Honeycomb Necklace with Satsuma Kiriko

Ayaka Nishi | August 29 2013 | 0 Comments

だんだんと肌寒い日々が増えて、秋らしくなってきたNew Yorkですが、
みなさま、如何お過ごしでしょうか。
私は、最近、パリで行われる8人の鹿児島の作家のグループ展、
8 artistes de Satsuma(8人の職人による鹿児島工芸展に向けて
作品を作っていたのですが、やっと完成しました。



私の今回の作品は、薩摩切子作家、頌峰(しょうほう)さんに特別に作っていただいた、
薩摩切子のパーツを組み合わせています。
ネックレスの部分は鹿児島の桜島の溶岩を削りだして作ったビーズを使っています。
蜂の部分は、オパールとシャンパンコニャックダイヤモンド、クォーツがセットされています。

溶岩は2年ほど前に、鹿児島に帰省した際に桜島までドライブをして拾ってきたものです。
それをまだ使わずずっととってあったので今回の鹿児島の作家のグループ展にちょうどよい機会だと思い
使ってみました。 薩摩切子と石の扱いは、セッティングする際はどちらも、
繊細で、割れる可能性があるので 丁寧に扱わなくてはいけないという点では実はそんなに変わりません。
今回は薩摩切子が美しく見えるように、なるべく覆わないようなスタイルで石留めする様に努めました。
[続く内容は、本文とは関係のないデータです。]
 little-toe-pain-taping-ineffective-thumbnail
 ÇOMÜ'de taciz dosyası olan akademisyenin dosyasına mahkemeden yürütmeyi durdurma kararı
鹿児島出身である私は、高校生の頃から、よく地元のギャラリーに出入りをしていました。
そういったこともあり、和紙、漆、陶芸、ガラス、大島紬、など地元作家さんの作品は私にとって、
馴染みがあったり、私のもの作りに与えられた影響も大きいと思います。
ニューヨークでジュエリーをはじめてからも個展で日本に帰る度に、
伝統工芸作家さんと交流を続けていく中で、 いつか、
自分がニューヨークで培ったスタイルと、伝統工芸作を組み合わせたら
きっと面白いものができるだろうと思っていました。

今回、鹿児島の作家を中心としたParisでのグループ展のお話は、
まさに、このコラボレーションを実現するとても良いきっかけなので、とても嬉しく思っています。
作家さんとコラボレーションをする事で、お互いの世界が広がることができたり、
ニューヨークや世界の人たちに、私のジュエリーを通して日本の伝統工芸の素晴らしさを 知ってもらえるきっかけができたら、
それはとても素晴らしい事だなと思っています。



今回のグループ展には、他にも大島紬の作家や、陶芸作家、生け花アーティスト
など鹿児島出身の8人の作家さん参加しています。
私は鹿児島出身でNew Yorkからの参加となりますが、鹿児島、パリ、ニューヨークを作品を通して
つなげることができたらいいなと思っています。


作品や展覧会について、繊研新聞に8月28日付で紹介していただきました。